YOUR INSTRUCTIONS — From the first line of the records below through the line with "Thunder dog tpc: The", output each line exactly; skip the pictures.

Collected data:

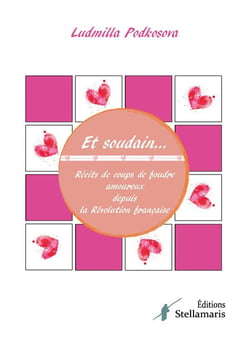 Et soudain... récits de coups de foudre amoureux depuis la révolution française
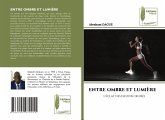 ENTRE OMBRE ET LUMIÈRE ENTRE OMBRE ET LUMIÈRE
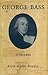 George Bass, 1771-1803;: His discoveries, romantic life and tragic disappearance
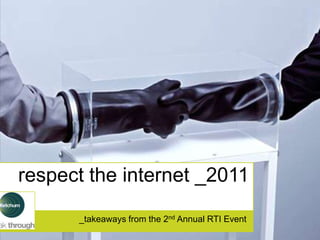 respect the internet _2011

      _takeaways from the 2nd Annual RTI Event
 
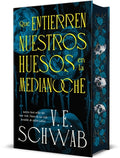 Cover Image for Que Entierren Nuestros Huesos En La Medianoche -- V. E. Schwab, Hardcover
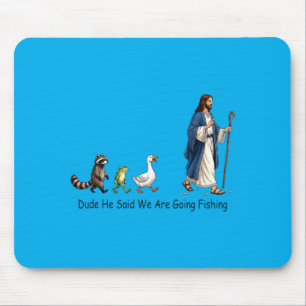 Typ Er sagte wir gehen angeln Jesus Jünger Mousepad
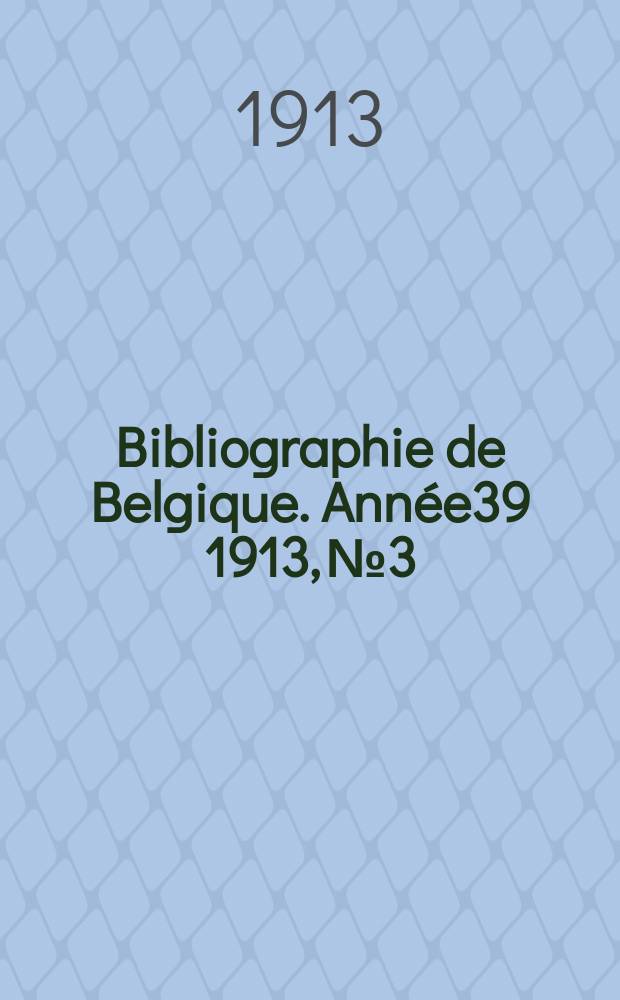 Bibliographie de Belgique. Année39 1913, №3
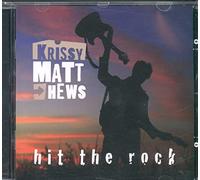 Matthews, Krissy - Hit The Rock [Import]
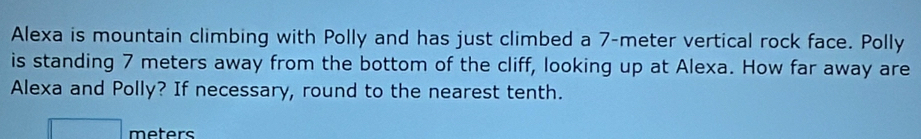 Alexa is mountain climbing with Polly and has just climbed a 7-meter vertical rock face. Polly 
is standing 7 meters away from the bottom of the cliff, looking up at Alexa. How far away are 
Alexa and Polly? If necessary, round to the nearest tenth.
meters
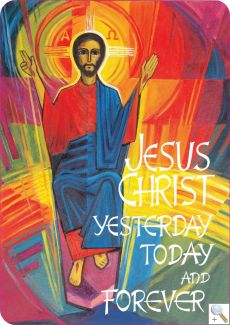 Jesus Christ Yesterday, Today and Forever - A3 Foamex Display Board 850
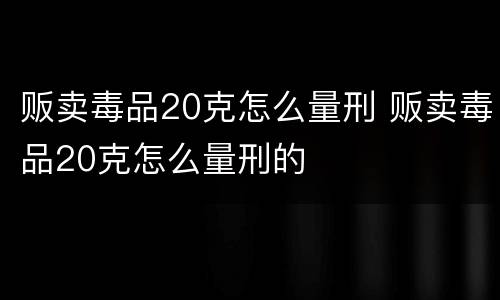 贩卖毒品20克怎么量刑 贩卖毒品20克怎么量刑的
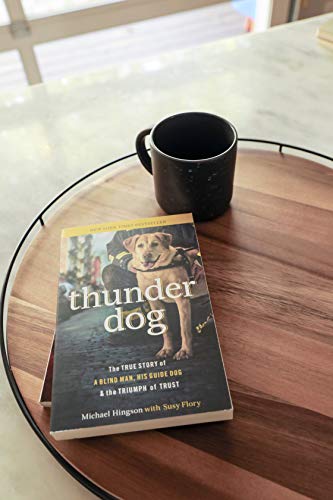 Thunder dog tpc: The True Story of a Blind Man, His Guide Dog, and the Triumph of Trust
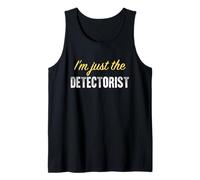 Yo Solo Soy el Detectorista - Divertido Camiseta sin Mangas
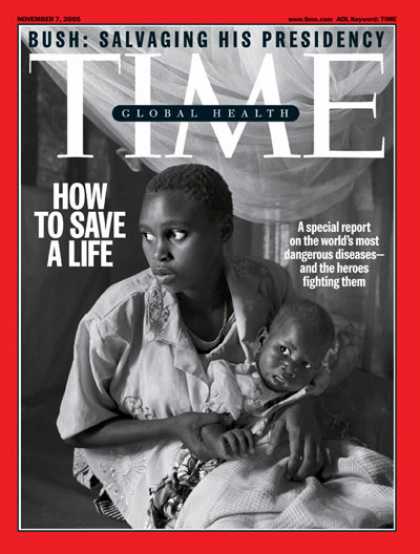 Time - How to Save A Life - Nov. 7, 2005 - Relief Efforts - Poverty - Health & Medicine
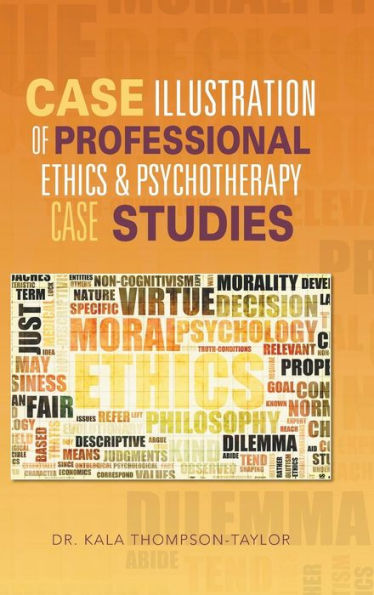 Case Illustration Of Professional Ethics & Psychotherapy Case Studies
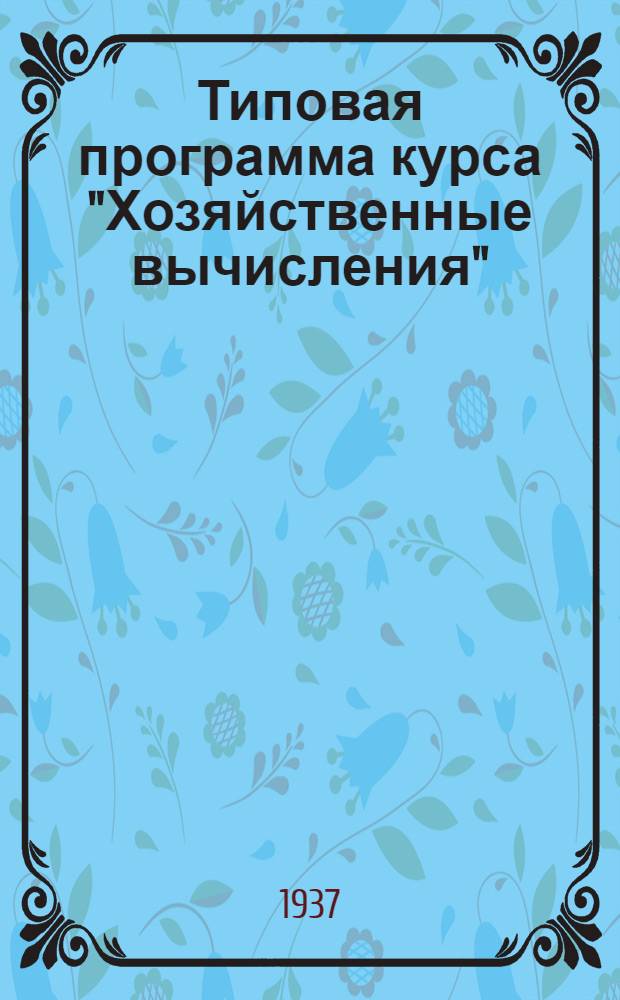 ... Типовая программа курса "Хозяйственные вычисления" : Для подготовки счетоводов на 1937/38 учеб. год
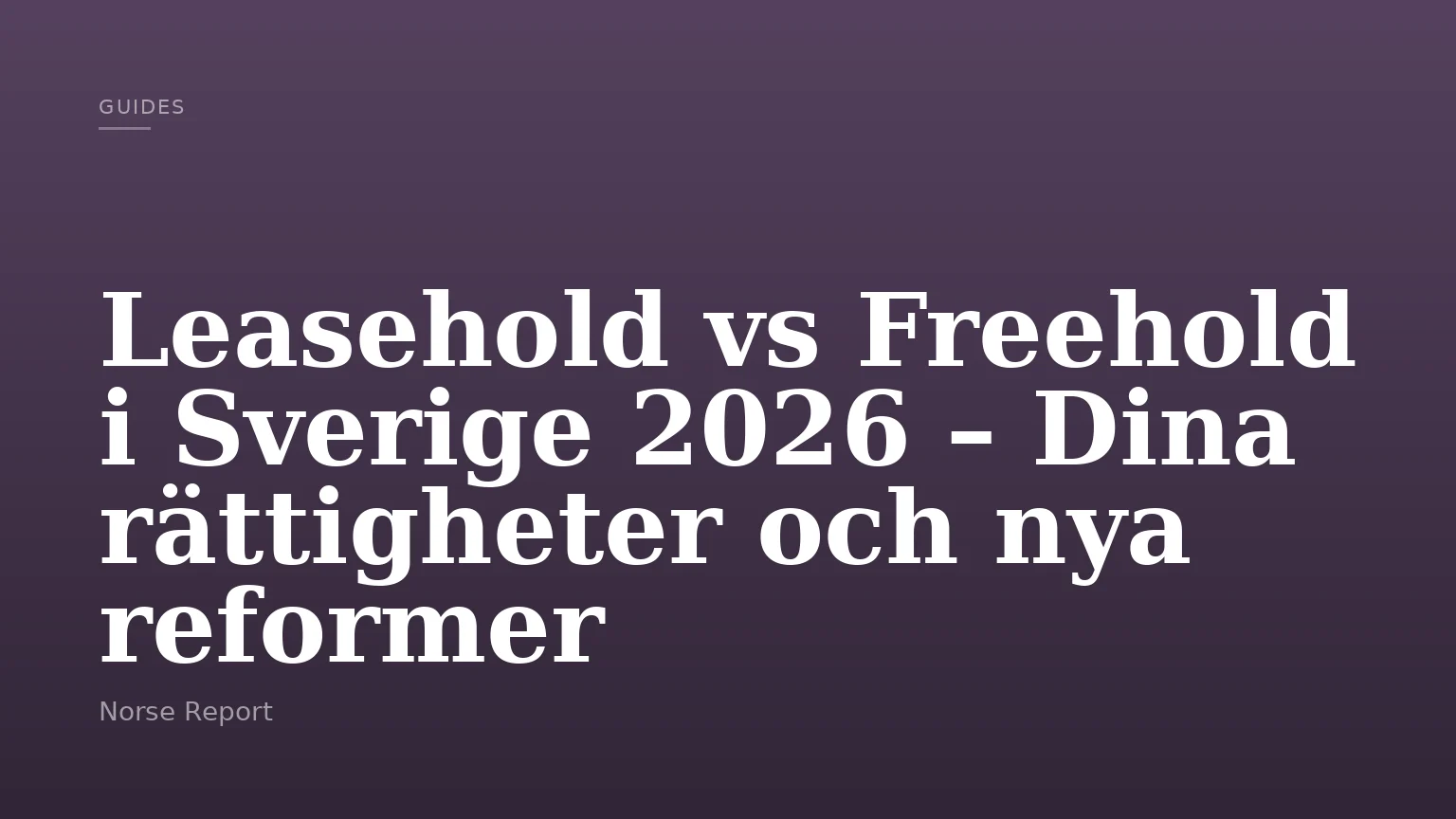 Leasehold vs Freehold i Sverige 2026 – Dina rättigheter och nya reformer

SOLUTION —
 Et soudain... récits de coups de foudre amoureux depuis la révolution française
 ENTRE OMBRE ET LUMIÈRE ENTRE OMBRE ET LUMIÈRE
 George Bass, 1771-1803;: His discoveries, romantic life and tragic disappearance
 respect the internet _2011

      _takeaways from the 2nd Annual RTI Event
 
 Cover Image for Que Entierren Nuestros Huesos En La Medianoche -- V. E. Schwab, Hardcover
 Typ Er sagte wir gehen angeln Jesus Jünger Mousepad
 Bibliographie de Belgique. Année39 1913, №3
 Matthews, Krissy - Hit The Rock [Import]
 Alexa is mountain climbing with Polly and has just climbed a 7-meter vertical rock face. Polly 
is standing 7 meters away from the bottom of the cliff, looking up at Alexa. How far away are 
Alexa and Polly? If necessary, round to the nearest tenth.
meters
 Jesus Christ Yesterday, Today and Forever - A3 Foamex Display Board 850
 贩卖毒品20克怎么量刑 贩卖毒品20克怎么量刑的
 Thunder dog tpc: The True Story of a Blind Man, His Guide Dog, and the Triumph of Trust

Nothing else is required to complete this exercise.